What is needed is an exact copy of every line from the one containing "Let's start with" through the end of the entries; please set it down without any pictures.

(Extracted data entries)
+-------+
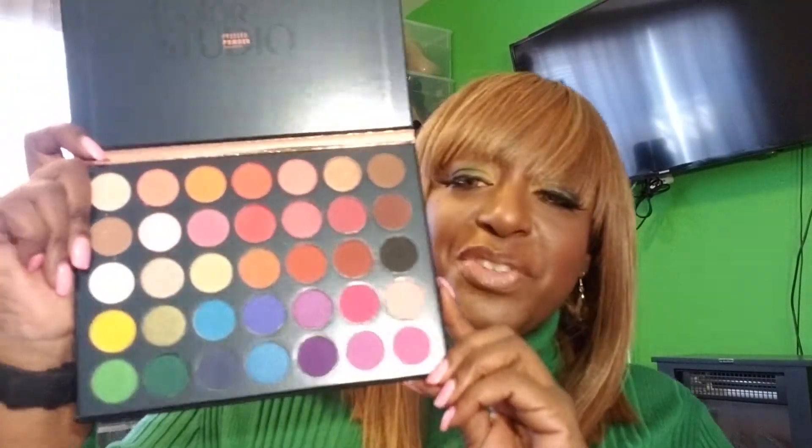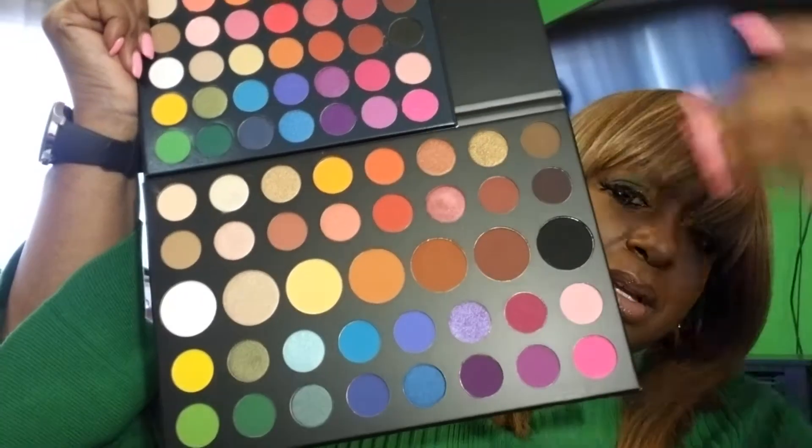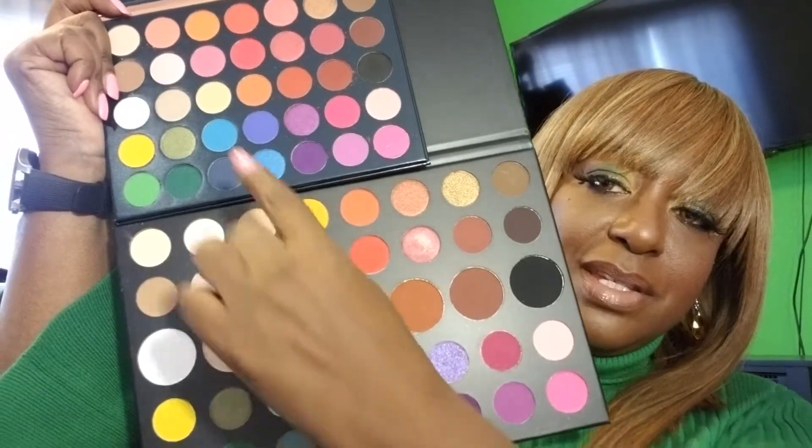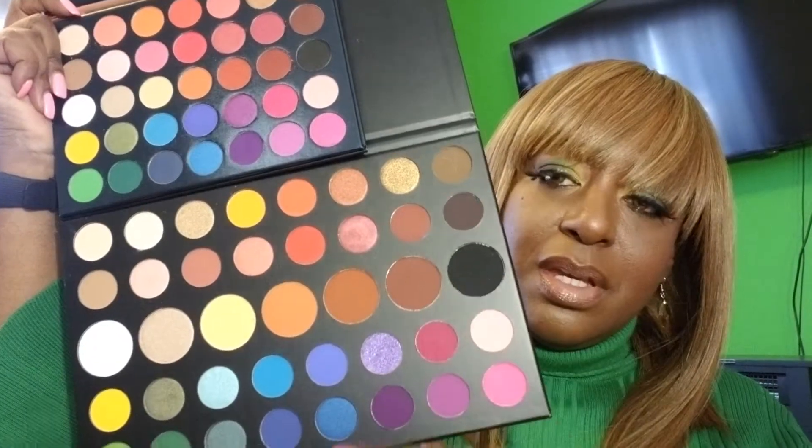I got the Beauty Glazed Studio Colors palette. If it looks familiar, it should, because it came out a while ago. It should look familiar because it's shockingly similar to the James Charles palette. I was told that it's just this row right here that's not really there, but I do see the pink and yellow right here, so it's similar — it's just smaller.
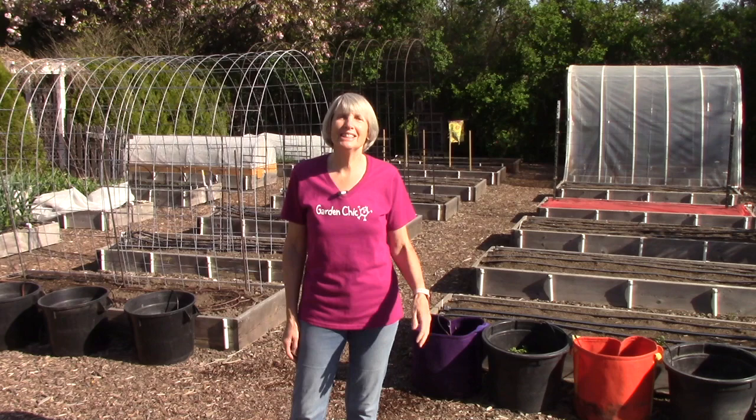Hi everybody, I'm Susan Mulvihill. Welcome to my vegetable garden. Today is a special day because it's the first of my vegetable garden tours, which I'll do once a month through the growing season. That way you can see how the plants grow, and I'll throw in all sorts of tips along the way.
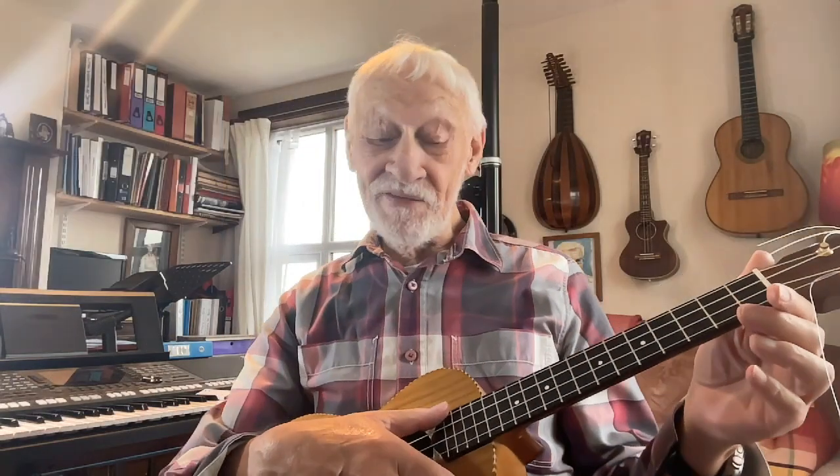Let's start with the A family. There's an A chord here, two fingers. A minor, one finger. A7, one finger. And A minor 7, no fingers at all — very useful as a fill-in chord.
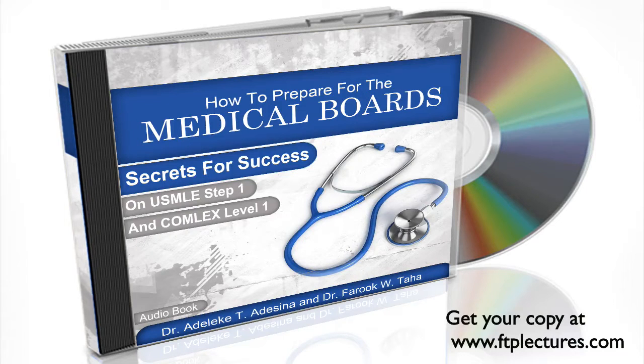This book was written as a guide for medical students who are preparing for the USMLE Step 1 and Comlex Level 1 board exams. Our goal was to give you a stepwise approach to preparing for these two exams. USMLE Step 1 and Comlex Level 1 for osteopathic students are two different examinations, and preparing for these exams is different.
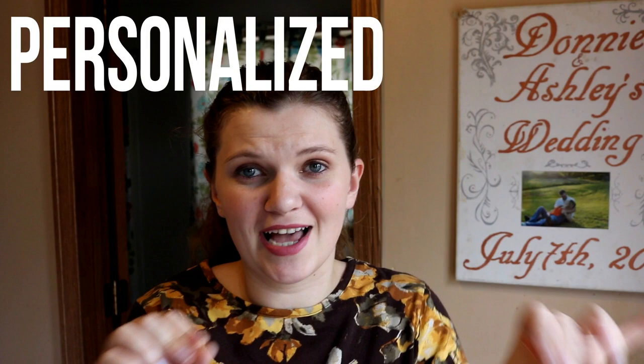Hey guys, welcome back to my channel Bursts of Sunshine. I'm Ashley. Today I'm going to show you how to make your own personalized custom Monopoly game. This does not have to be a romantic gift — it would be good for just your friends or anyone in your family. I'm using it as a romantic Valentine's Day gift for my husband, so I'm going to be calling it Loveopoly.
+-------+
■ Output for this task ■
Let's start with the A family. There's an A chord here, two fingers. A minor, one finger. A7, one finger. And A minor 7, no fingers at all — very useful as a fill-in chord.
This book was written as a guide for medical students who are preparing for the USMLE Step 1 and Comlex Level 1 board exams. Our goal was to give you a stepwise approach to preparing for these two exams. USMLE Step 1 and Comlex Level 1 for osteopathic students are two different examinations, and preparing for these exams is different.
Hey guys, welcome back to my channel Bursts of Sunshine. I'm Ashley. Today I'm going to show you how to make your own personalized custom Monopoly game. This does not have to be a romantic gift — it would be good for just your friends or anyone in your family. I'm using it as a romantic Valentine's Day gift for my husband, so I'm going to be calling it Loveopoly.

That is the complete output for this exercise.